I can understand ( I think!) you breeding like this if your male has been shown and has been acknowledged as being of sound and excellent type. So maybe that is the case


----------



## chibellaxo (Jul 6, 2008)

Rosiesmum said:


> I know nothing about good breeding practice, but wouldn't it be wiser (especially if you are an inexperienced breeder) to buy a bitch puppy of good quality then find an excellent stud dog to compliment her?
> 
> I can understand ( I think!) you breeding like this if your male has been shown and has been acknowledged as being of sound and excellent type. So maybe that is the case


im confused--i thought this female she is getting is of "good" quality (i.e meets/exceeds standards, from long lived lines, health tested parents, ect)..and so is your male ( even if he was never shown).


----------



## Rosiesmum (Oct 14, 2007)

chibellaxo said:


> im confused--i thought this female she is getting is of "good" quality (i.e meets/exceeds standards, from long lived lines, health tested parents, ect)..and so is your male ( even if he was never shown).


It seems odd that people would buy a male Chihuahua then buy in a bitch puppy with the intention of it as a suitable mate for it when she matures 
No matter how good the breeding, she might not grow big enough to breed from or develop a fault or temperament issue that makes it unwise. What then? Buy another one?
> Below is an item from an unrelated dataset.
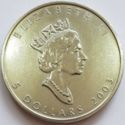 5 Dollars (Maple Leaf Bullion)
Just a bit confusing to me. Maybe an experienced breeder could explain?


----------



## ki ki lou (Mar 12, 2008)

congratulations !


----------



## OrchardLane (Aug 30, 2008)

Rosiesmum said:


> It seems odd that people would buy a male Chihuahua then buy in a bitch puppy with the intention of it as a suitable mate for it when she matures
> No matter how good the breeding, she might not grow big enough to breed from or develop a fault or temperament issue that makes it unwise. What then? Buy another one?
> 
> Just a bit confusing to me. Maybe an experienced breeder could explain?


Many breeders choose to buy a female then seek out a stud dog for a couple of reasons:

A) Having a stud dog in their home is something that does not interest them because it is more difficult for various reasons (marking, estrus periods mayhem, behavior of some studs etc, etc, etc)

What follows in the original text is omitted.